"Wearing your art on their sleeve"
by Chris Groom

Record sleeves, either big old 12inch squares or their five inch CD offspring, we love Œem, don't we? Who hasn't rushed home from their local record emporium with a brand new piece of vinyl, stuck it on the turntable and spent the next couple of hours pouring over the sleeve; taking in every detail of the cover, reading the lyrics to each track as it plays and studying the credits - the producer, the photographer, the stylist for Stevie Nicks' hair - all the important stuff!

So just how important to a piece of recorded music is the sleeve design itself and does it have any bearing on whether or not you buy the product?.

From a marketing point of view, of course, the sleeve is vital. It needs to communicate a large amount of information - the name of the artist and the title of the album for starters - and if possible it should give you a visual feel of the type of music contained within the cover, as well as all the necessary legal info. (usually confined to 6 point type on the bottom of the back cover), and all in a clear and attractive way. It also needs to stand out in the racks - it's going to be up against some pretty stiff opposition out there, and it won't always have any promotional material (if any, depending on the record company budget), to back it up.

On the other hand, it is patently obvious to me that it is the content that sells a record or CD - if the music is no good, then you are not going to buy it, no matter how good the sleeve! I can't think of a single instance where the sleeve alone has 'forced' me to listen to the music inside. Most punters have a built-in brand (or in this case 'band') loyalty; we like a particular artist and are more inclined to buy their work irrespective of the packaging, although we appreciate it if the design is good; there is nothing worse than trying to convince your mates of an albums worth, if it comes clothed in the most embarassingly bad sleeve ever designed! Every release deserves a piece of good design wrapped around it - it's an integral part of the overall package that the buyer is parting with their hard-earned cash to own.

Take 'Dark Side of the Moon' for example. It's a striking graphic, simple but very, very effective and has become an iconic image, thanks to the incredible success of the album. But what if the design studio Hipgnosis had suggested it for another band - perhaps a release by Vinegar Joe or Greenslade? I doubt it would have increased their record sales by much and the old prism may not have become the instantly recognisable image it is today. You could have stuck a picture of a cow in a field on the cover and that record would still have sold in millions... erm no, actually they couldn't, Floyd had already used that idea!
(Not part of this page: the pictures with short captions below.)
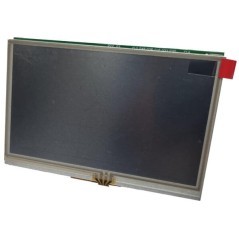 Elektrische Teile – produkty dostępne w rolniczeczesci.pl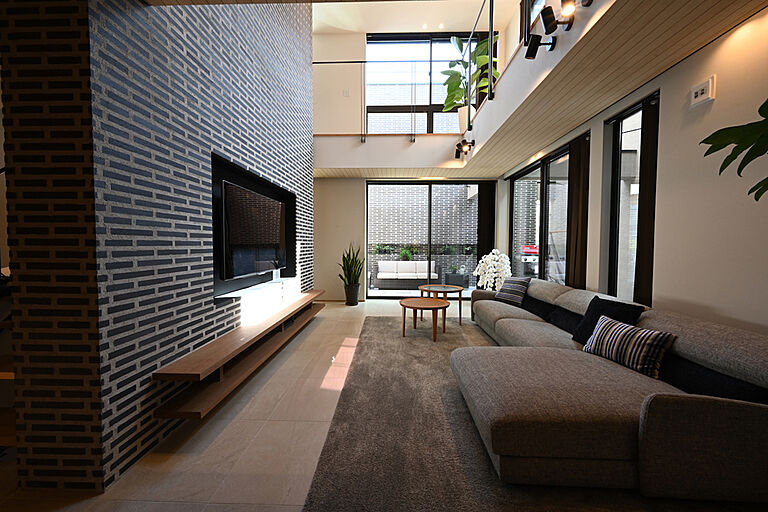 株式会社 伊田工務店の公式画像_その他1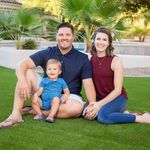 Troy Johnston - @troysj - Instagram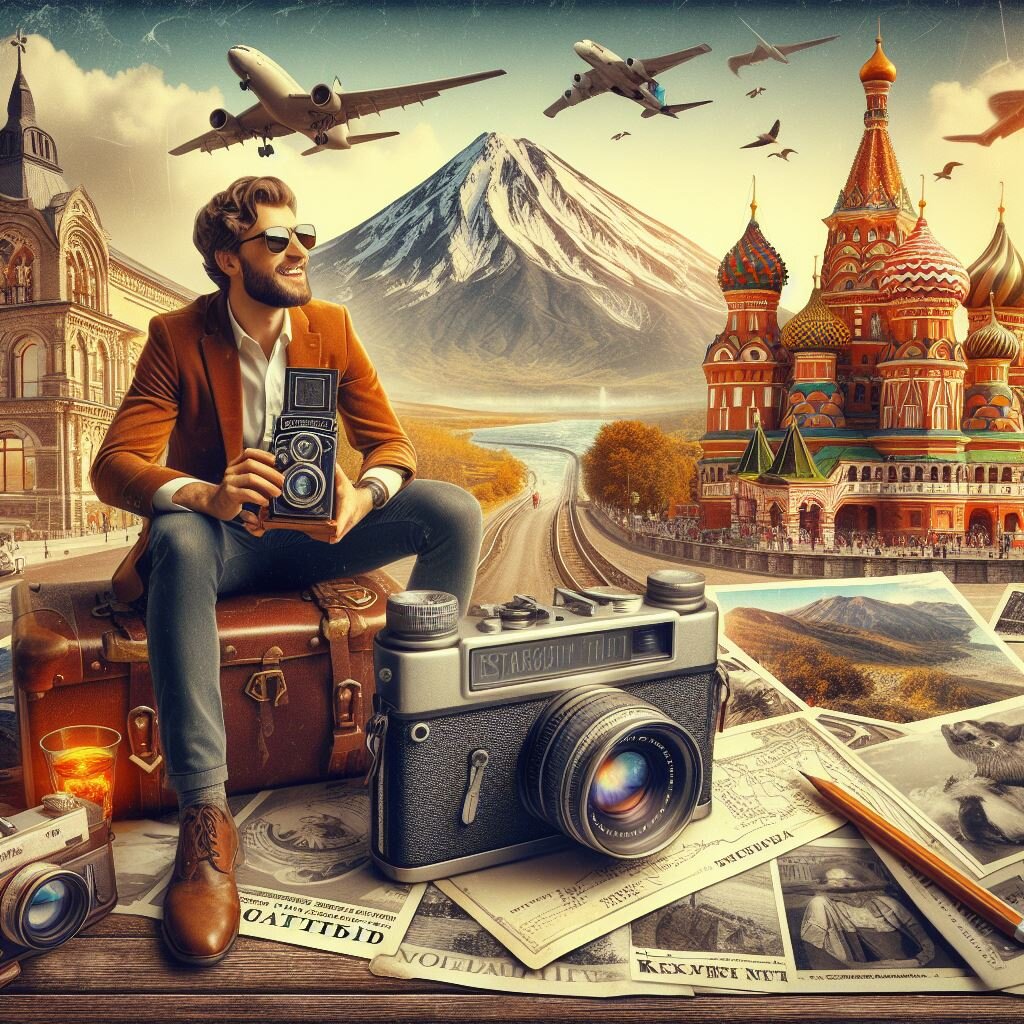 Фото сгенерировано  нейросетью по нашему запросу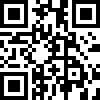 https://iscanews.ir/xd9WB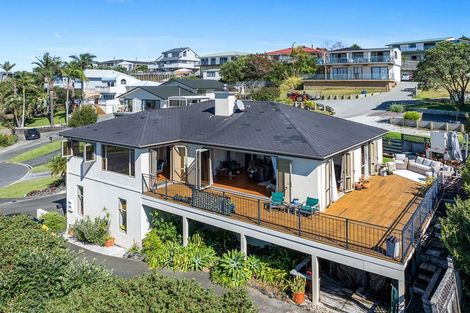 Photo of property in 31 Merehai Place, Snells Beach, 0920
I have been fortunate to have worked on a few album sleeves in my time (graphic design is what I do for a day job), but they were all done in a world before the Apple Mac - mechanical paste-up in a haze of spray mount and galley pulls; where if you made a type error, single characters had to be cut out and corrected individually - and images were exactly as they appeared in the camera lens, with no retouching or photoshop trickery to be found. The Mac is great and I wouldn't swap it for my old drawing board; but it's just a different tool, of course - the creative thinking is still much the same - and artwork is a hell of a lot easier. Mind you, my experience was at the lower end of the record industry scale, working for a small independent folk label where the crucial part of the creative process was the limited budget!
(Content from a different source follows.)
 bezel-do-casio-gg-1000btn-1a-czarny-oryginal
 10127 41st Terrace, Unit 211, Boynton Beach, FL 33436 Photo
Finally, as a tenuous link to Lindsfarne, back in June 1983 and armed with a handful of my folk sleeves, I managed to get interviews with three record labels, Sonet, Rocket and Charisma, all on the same day. I was after some extra freelance work with a music industry bias, but while the whole day was great fun, with hindsight I didn't stand a hope in hell! My meeting at Charisma was the second of the three at one of their offices in Wardour Street and although I really wanted to meet 'Strat' (Tony Stratton-Smith), I ended up seeing their creative director Peter Jenner, who I now know to be a founder of Blackhill Enterprises back in the sixties and an early manager of Pink Floyd. He was very kind towards my limited portfolio and actually said "well, I can see you know how to work within a budget!" Later that day, the lady at Rocket Records was a little more blunt but looking back, her criticism was valid and probably far more useful to me at that point in time.

However, Joe Stead and his Greenwich Village label continued to use me and I got to work on sleeves for Pete Seeger, Martyn Wyndham-Read, Johnny Silvo and the Wilson Family (who have probably never forgiven me for spelling Teesside with only one 's') - that'll teach them to use a southerner!